Image: Alex Livesey/Getty Images Europe.
Anyone would think he’d died.
The wailing and gnashing of teeth across the networks, the United fans choking back tears as they described how their lives will never be the same again, the jostling across Twitter as journalists, bloggers, former players scrambled to get their angle on the matter out there.
Image via aftonbladet.
He hasn’t died. But the massive media overreaction to the news of Sir Alex Ferguson’s impending retirement wasn’t entirely unreasonable either. The big man lives on, but for those of us whose football roots were nurtured into growth by the optimistic early 90’s sunshine that shone from that big old Sky, it certainly feels like the end of something. Perhaps even an era. A golden age. Because despite the consistent and desperate attempts of unrepresentative, horse punching minority to prove otherwise, we football fans are human too. And when one drawbridge lifts itself from the fray and closes, the natural human response is to wonder whether anything will ever be the same again.
Like it or not, Sir Alex Ferguson has been a constant in football for the last twenty-odd years.

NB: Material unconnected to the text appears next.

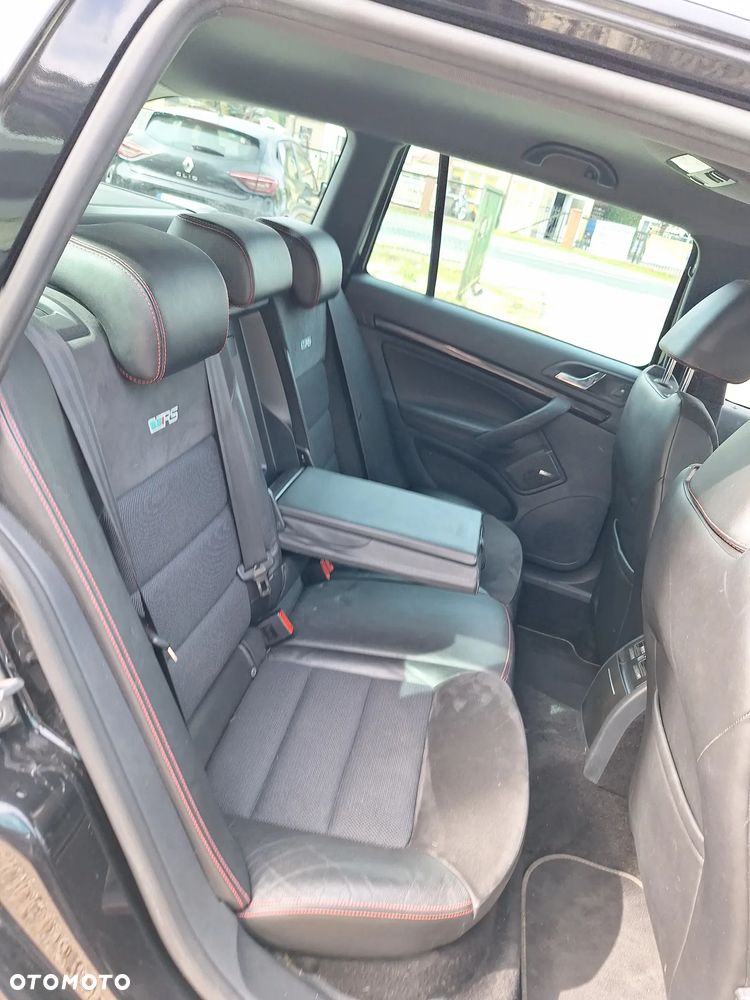 Skoda Octavia 2.0 TDI RS DSG - 23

Unless you’re a United fan, you’ve probably had moments in your life when you’ve hated him and his well drilled, irrepressible teams, who never say die and thrive under unimaginable pressure. But like the elderly relative who sits in the corner of the living room, it’s only when the sniping, the bitching and the superiority complex has gone that you realise he was the was the source of the light that made the whole thing so damn vivid.
All bets are off now. With all due respect to David Moyes, Manchester United will walk out into the sunshine of the 2013/14 season an ordinary football team. The shield that has protected them, that has absorbed the glare and harnessed the energy to propel them to new and greater heights will be gone and like everybody else, United’s players will have to learn their own ways to protect and motivate themselves.
One thing’s for sure. English football, with it’s idioms and tics, it’s moments of awe-inspiring asshattery and mesmerising beauty, will never be the same again.